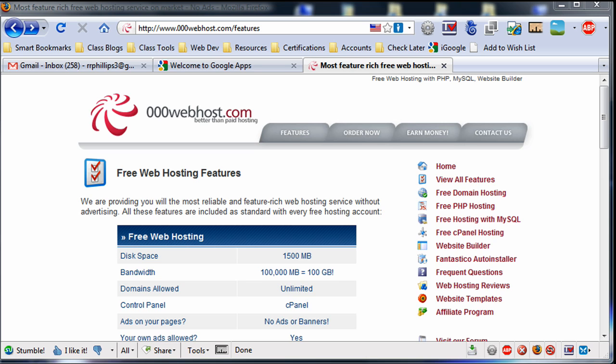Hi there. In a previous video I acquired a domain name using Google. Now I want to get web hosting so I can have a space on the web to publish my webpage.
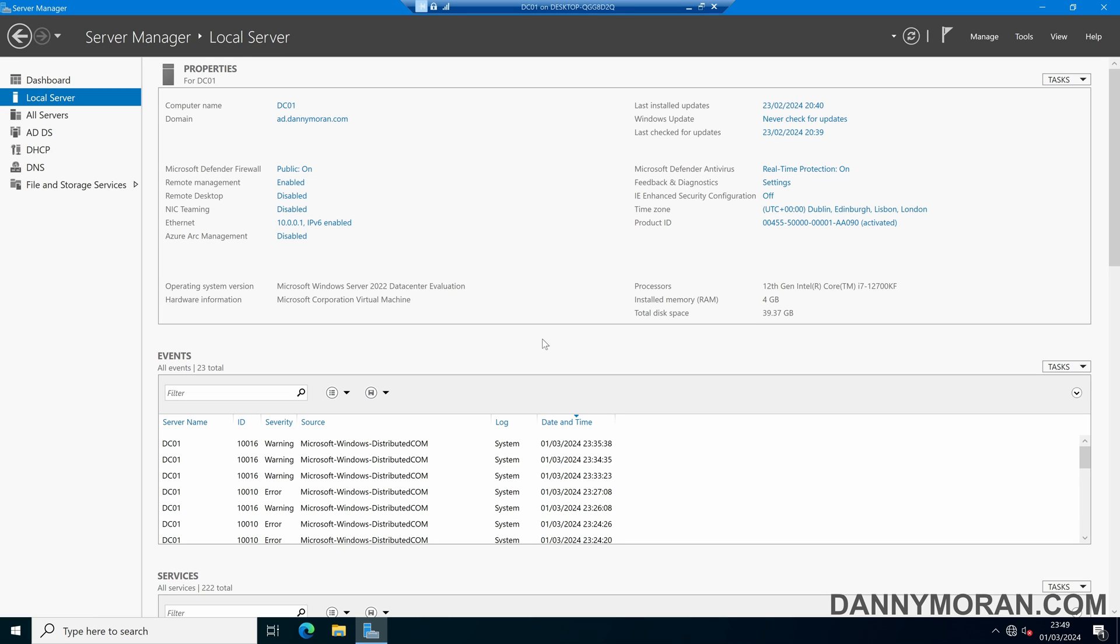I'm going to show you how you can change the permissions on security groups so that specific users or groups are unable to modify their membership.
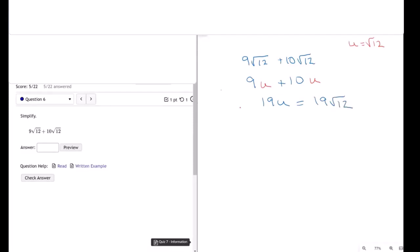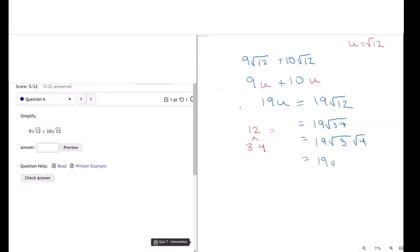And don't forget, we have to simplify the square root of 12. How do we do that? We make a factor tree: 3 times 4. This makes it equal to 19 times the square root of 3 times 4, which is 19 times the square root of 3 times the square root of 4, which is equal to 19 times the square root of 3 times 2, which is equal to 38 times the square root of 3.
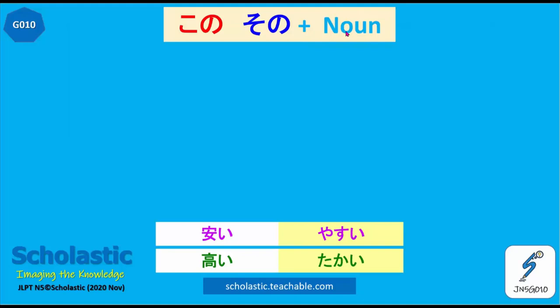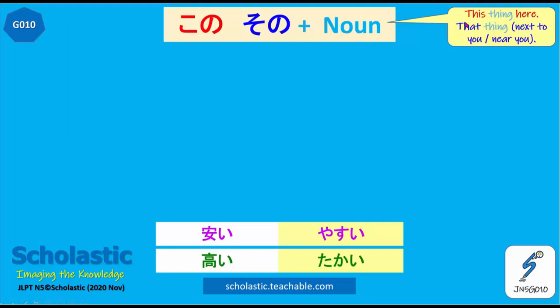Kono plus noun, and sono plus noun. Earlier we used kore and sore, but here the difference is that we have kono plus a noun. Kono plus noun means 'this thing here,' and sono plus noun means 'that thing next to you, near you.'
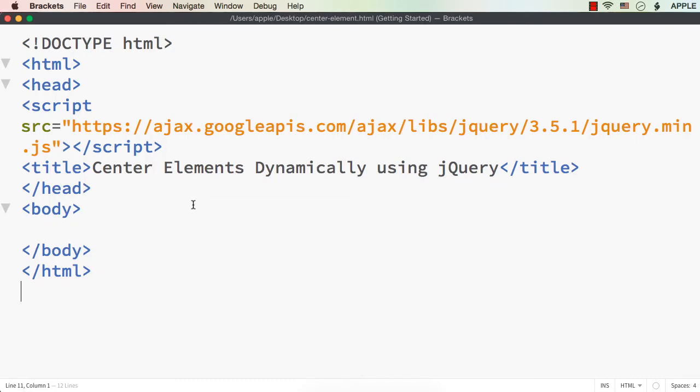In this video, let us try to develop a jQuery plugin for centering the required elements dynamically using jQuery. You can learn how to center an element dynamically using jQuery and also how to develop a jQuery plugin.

☆ ☆ ☆ ☆

Description of the task. Once the pictures have been removed, reproduce each line of the material above exactly.

Written response.
Hi there. In a previous video I acquired a domain name using Google. Now I want to get web hosting so I can have a space on the web to publish my webpage.
I'm going to show you how you can change the permissions on security groups so that specific users or groups are unable to modify their membership.
And don't forget, we have to simplify the square root of 12. How do we do that? We make a factor tree: 3 times 4. This makes it equal to 19 times the square root of 3 times 4, which is 19 times the square root of 3 times the square root of 4, which is equal to 19 times the square root of 3 times 2, which is equal to 38 times the square root of 3.
Kono plus noun, and sono plus noun. Earlier we used kore and sore, but here the difference is that we have kono plus a noun. Kono plus noun means 'this thing here,' and sono plus noun means 'that thing next to you, near you.'
In this video, let us try to develop a jQuery plugin for centering the required elements dynamically using jQuery. You can learn how to center an element dynamically using jQuery and also how to develop a jQuery plugin.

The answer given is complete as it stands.